Task objective: Only an exact repetition of the lines from the one holding "Nokia 6.2 64GB - Blu - refurbished" to the end of the data is wanted, with pictures left out.

Information provided:
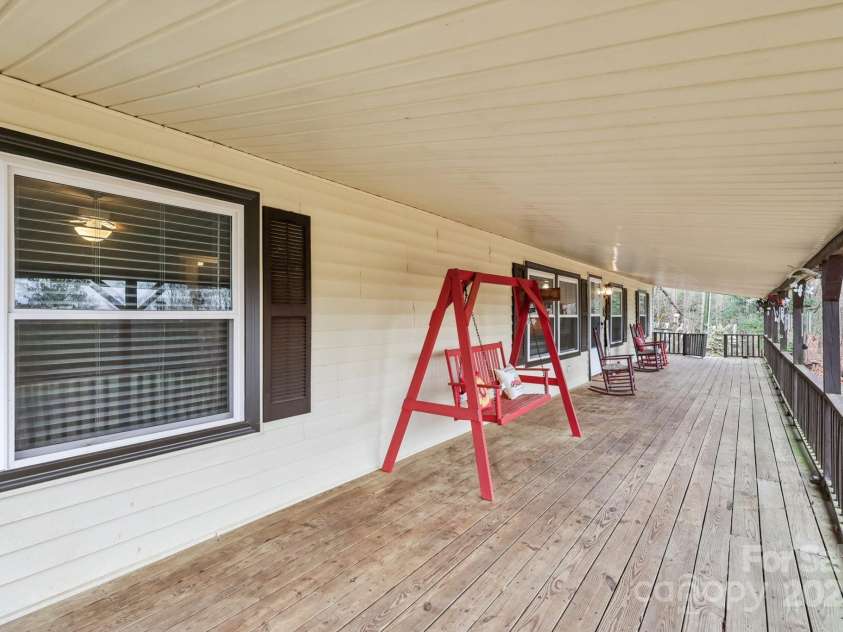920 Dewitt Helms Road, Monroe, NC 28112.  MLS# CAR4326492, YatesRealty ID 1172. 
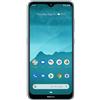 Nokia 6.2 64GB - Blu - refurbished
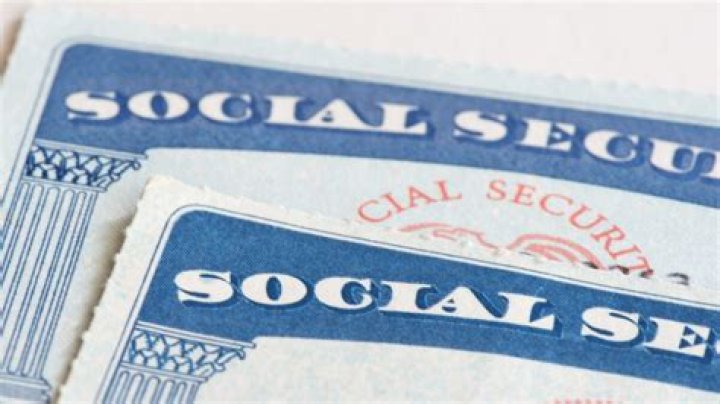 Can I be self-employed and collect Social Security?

Your response:
 Nokia 6.2 64GB - Blu - refurbished
 Can I be self-employed and collect Social Security?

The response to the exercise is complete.